Unless you are teaching a style of yoga with a set sequence of postures such as Bikram or Ashtanga, you will need to choose the order of the postures you teach, otherwise known as “sequencing.” Put simply, sequencing matters. It matters in terms of how your students will feel in the postures – whether they will feel warmed up enough or ready for the postures you are teaching. And it matters in terms of how they will feel at the end of class and later on. Yoga postures work on the physical, emotional, and energetic bodies, and have a subtle but strong affect on our nervous systems. If we practice deep postures without first warming up, we may feel bad. If we practice active or intense postures but cool down appropriately afterwards, and practice the right counter-poses, we may feel good. It is your job as a teacher to structure your classes so that they achieve the desired results. Most beginning teachers plan and write out a sequence before teaching. Some experienced teachers also do this, but with experience comes the wisdom as well as the confidence to “wing it.” In the beginning, I do not suggest winging it. Be prepared, but also willing to change and adapt the class based on the experience level and energy of the students present that day.

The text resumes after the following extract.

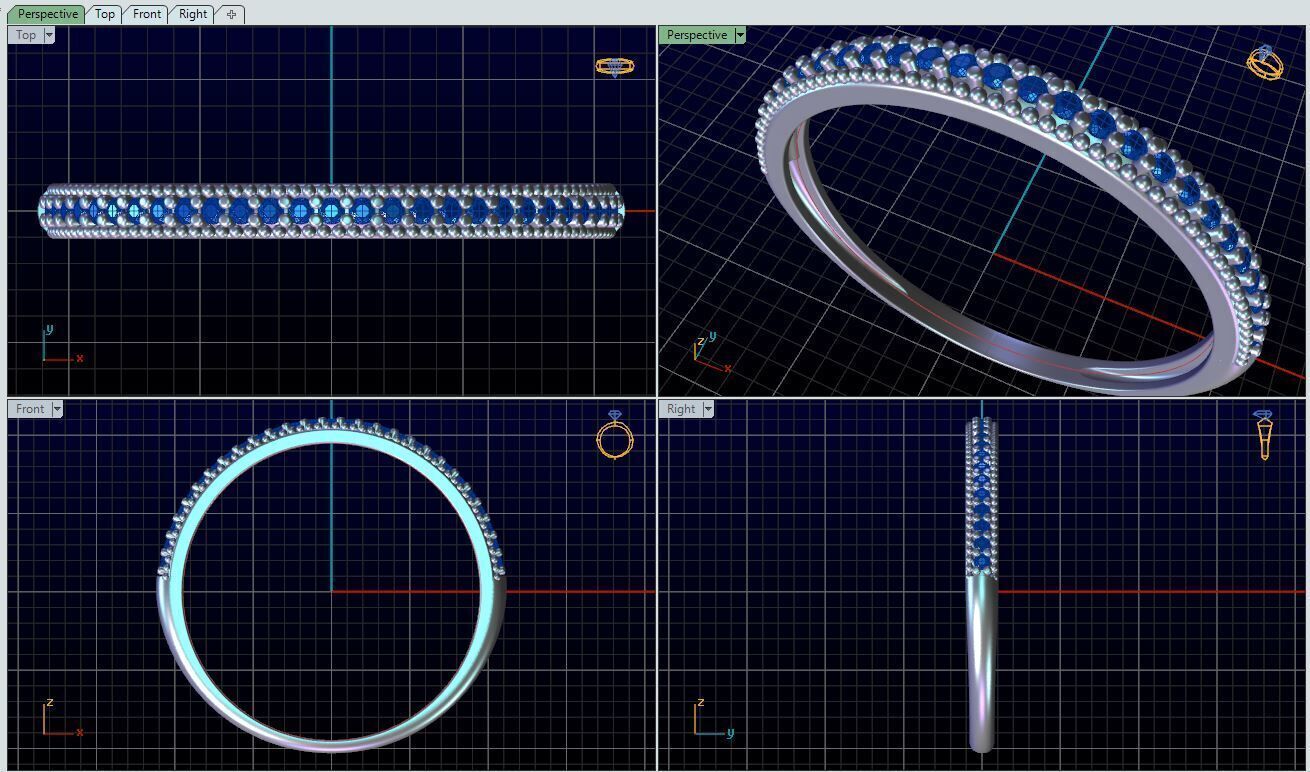 Gold Emerald Guard Ring Jewelry Rings Printable 3D print model_7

There are five main ways to sequence your classes.

  1. To create a balanced practice

A balanced practice will consist of a fairly equal number of standing postures, seated postures, forward bends, backward bends, twists, and inversions. Typically standing postures will precede seated postures and inversions, although this may vary depending on the tone you intend to set. For example, if you want the practice to feel very nurturing and calming, you may start out with supine postures to relax the nervous system, then gently introduce standing postures and inversions. If you want to create a fun and vibrant atmosphere, you might start with Sun Salutations, standing poses, and even inversions such as Handstand, before moving to the floor. The idea is for students to feel good and balanced when they get up to leave.

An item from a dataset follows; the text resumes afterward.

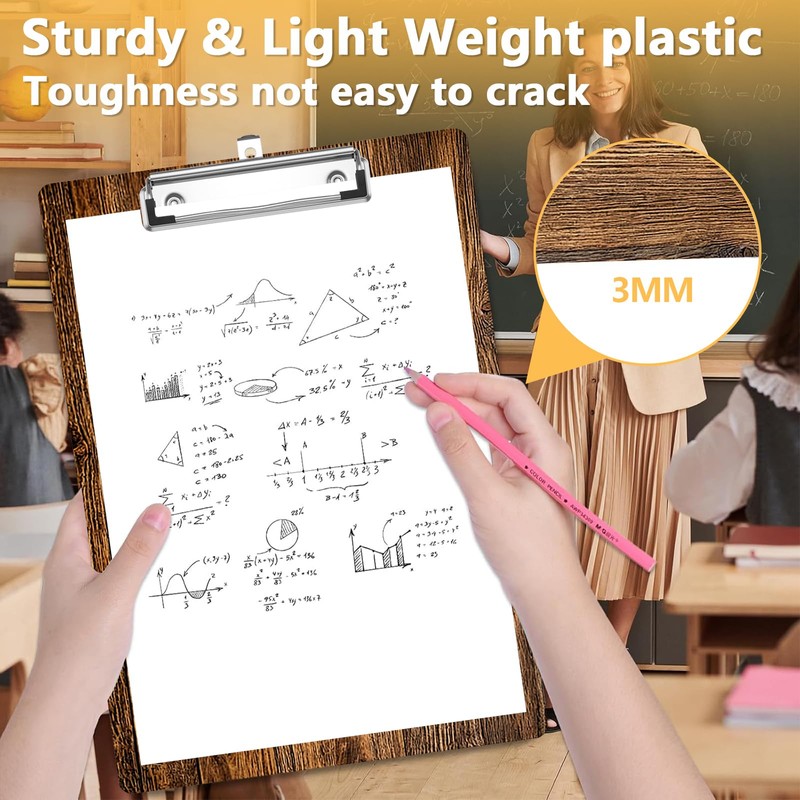 Wood Grain Clipboard, Unique Stump Grain Decorative Clip Board with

  1. To address a pose or type of posture

If you want to address, say, hip openers or backbends, in particular, you would create a sequence that progressively warms up the required body parts, and teaches or emphasizes the types of actions students will need to approach the intended posture with ease. For example, a backbending class may start with standing postures that emphasize stability in the legs and pelvis, shoulder opening, and hip flexor/psoas release before moving into first gentle, and gradually more challenging backbends. Do not forget to practice appropriate counter-poses, such as a forward bend or abdominal strengthening exercise after backbending. Even if the sequencing intention is to address a pose or type of posture, you should always teach a balanced practice.

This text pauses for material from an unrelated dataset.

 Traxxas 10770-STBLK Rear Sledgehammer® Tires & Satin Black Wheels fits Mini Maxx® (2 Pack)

  1. To build toward a “peak pose”

A peak pose is typically a “hard” pose that some students may be wary of, afraid of, unsure how to do, or maybe they have never even seen before. The structure of the class, then, will introduce poses that help the students master some of the smaller actions contained in the harder posture, building on them until the peak pose reveals itself toward the end of practice. As with #3, make sure to teach an appropriate counter-pose or cool-down if necessary.

  1. To address a theme

Your theme may be postural or philosophical. An example of a postural theme might be “backbending to open the heart,” while a philosophical theme might be “balancing santosha (contentment) with tapas (discipline) in our practice.” You will introduce your theme, then connect it to the postures you teach in that class, so that it threads its way through the practice.

  1. To be creative

In a flow or vinyasa yoga setting, the sequencing is often intended to be creative, offering new and different ways of grouping postures, linking them together creatively. This can be both fun and transformative for students, as well as amusing and challenging for teachers. While we often want to be creative in our sequencing, though, there are a few pitfalls to avoid. First, do not get so creative that you forget what you have taught on one side by the time you get to the other side. Also, do not link poses together “just because you can” if it does not make sense in the body, and in terms of what poses you have already taught to prepare and warm up. Finally, do not link so many poses together on one side that the front or standing leg is exhausted. This is not healthy for the joints, or for the nervous system, which may feel out of balance or stressed. Remember, no matter what type of sequencing you are doing, you need to create a balanced practice.

Note that you may be teaching classes that combine or integrate one or more of the above sequencing styles. Have fun with it!